Virtual Eastern Edo 33 Kannon Pilgrimage #23 Jusho-in Temple

 

     Shoju-in Temple was founded by Priest Shoju (?-1586) in Odawara, Sagami Province, in 1573.  In the 1560's, Uesugi Terutora (1530-1578) repeatedly invaded the Kanto Region from Echigo Province to outsource the shortage of food caused by famine.  In 1568, he changed his target to Ecchu Province.  Instead, Takeda Harunobu (1521-1573) started invading the Kanto Region from Kai Province to outsource their shortage.  In 1571, Hojo Ujimasa (1538-1590), the 4th head of the Later Hojo Clan, successfully reached the peace negotiations with Harunobu.  In 1574, Terutora invaded the Kanto Region again.  So, Shoju-in Temple was founded when the region enjoyed momentary stability and peace but it soon faced political diastrophism in the region.

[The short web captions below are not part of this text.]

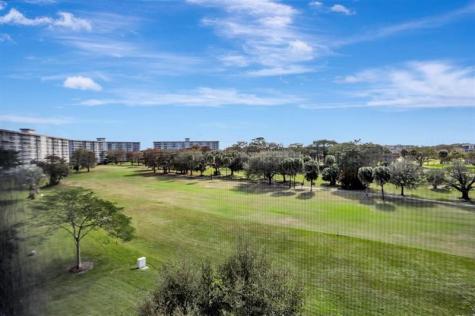 565 Oaks Lane Pompano Beach FL 33069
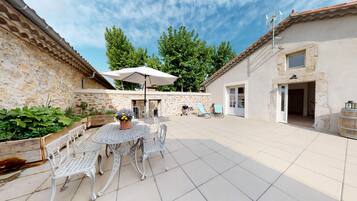 Restauration extérieure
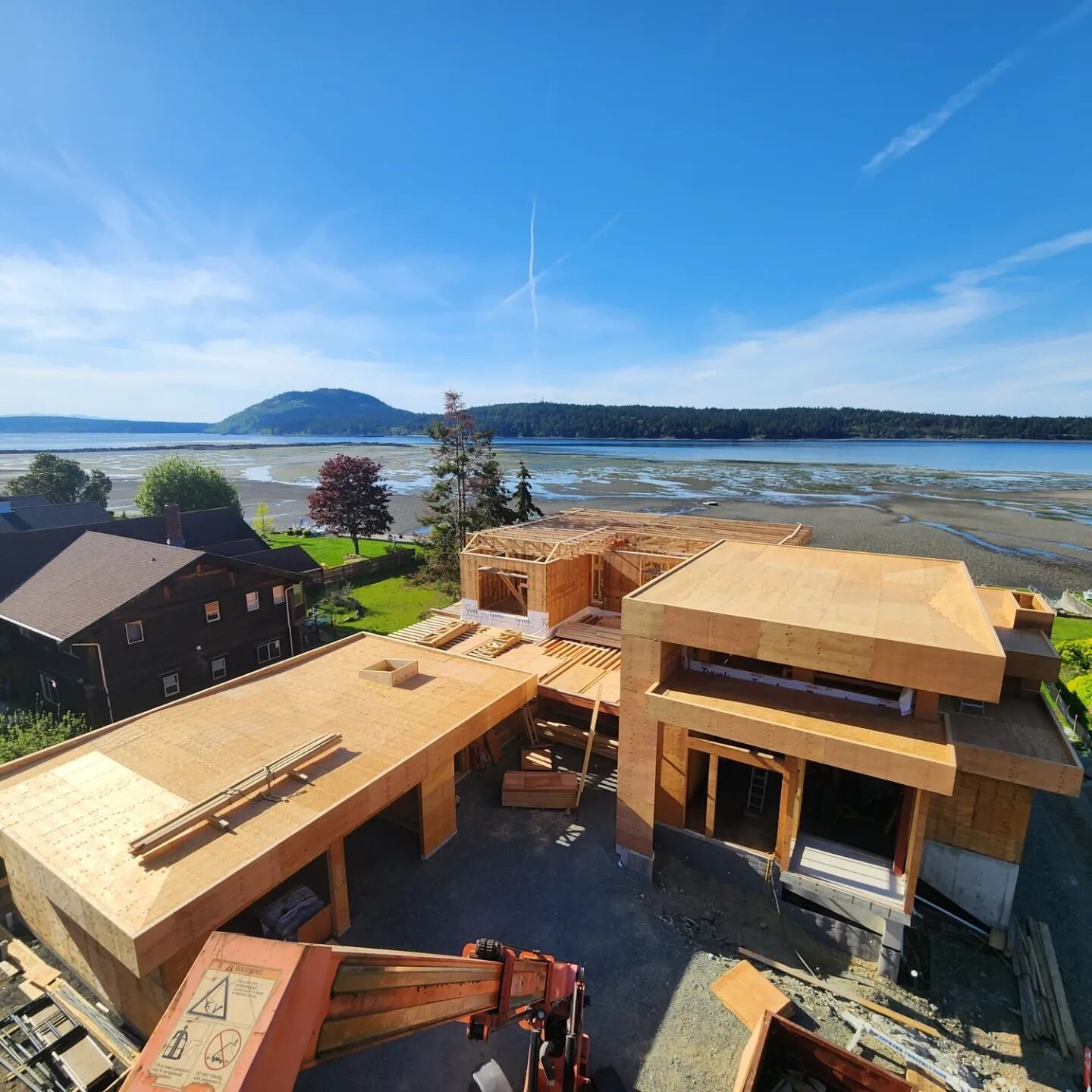 This monster sure is taking shape now. Last section of roof to button up and we're onto decks and some backframing.
Loving the weather lately! 

#carpenter #framersareadyingbreed #contractor #builder #customhomes #luxuryhomes #vancouverisland #constr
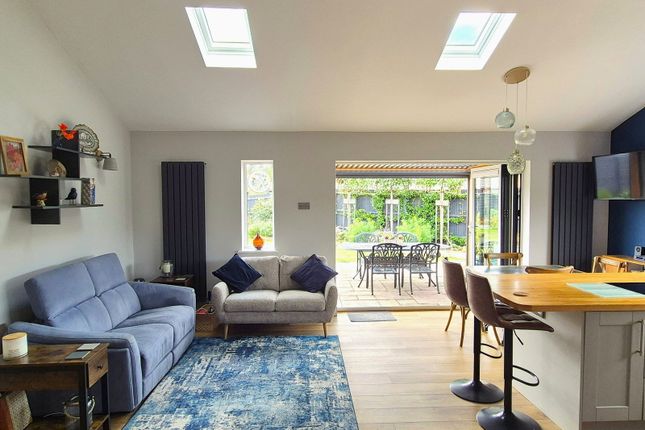 26, Cedar Avenue, Hitchin photo 4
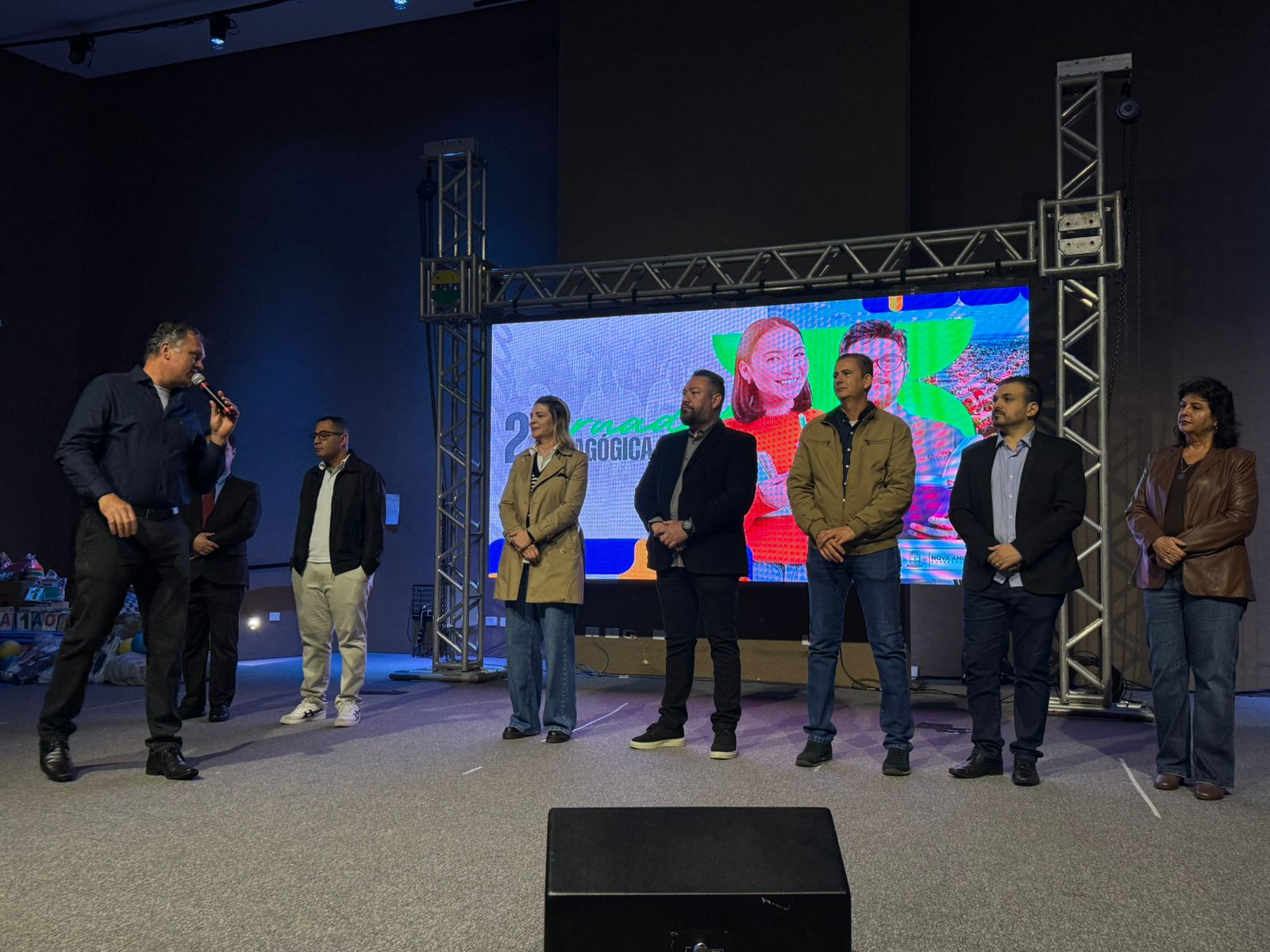 Câmara Municipal reconhece o papel dos profissionais da rede municipal de ensino abertura da Jornada Pedagógica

     In 1590, when When Rintei was the third priest of Shoju-in Temple, Toyotomi Hideyoshi (1536-1598) destroyed the Later Hojo Clan and ordered Tokugawa Ieyasu (1542-1616) to move from the Tokai Region to the Kanto Region.  In 1594, 4 years after the diastrophism in the Kanto Region, Rintei was ordered to move to Edo, which was expanding rapidly, as a supply of priests and monks to the city.  Rintei didn't abandon Shoju-in Temple.  Instead, he rented a room in the residence of Hachisuka Yoshishige (1586-1620), the first lord of Awa Domain, in Edo and started another Shoju-in Temple there.  Yoshishige's father, Iemasa (1558-1639), had sieged Nirayama Castle in Izu Province when Hideyoshi sieged Odawara Castle.  Rintei or his predecessor might have got acquainted with Iemasa then.  Rintei was succeeded by Daiko in 1603, moved to Daitoku-ji Temple in Guma County, Kozuke Province, and presumably died there.  As Daitoku-ji Temple was founded in 1615, it might have been Rintei himself who founded the temple.  Then, he might have been from the county.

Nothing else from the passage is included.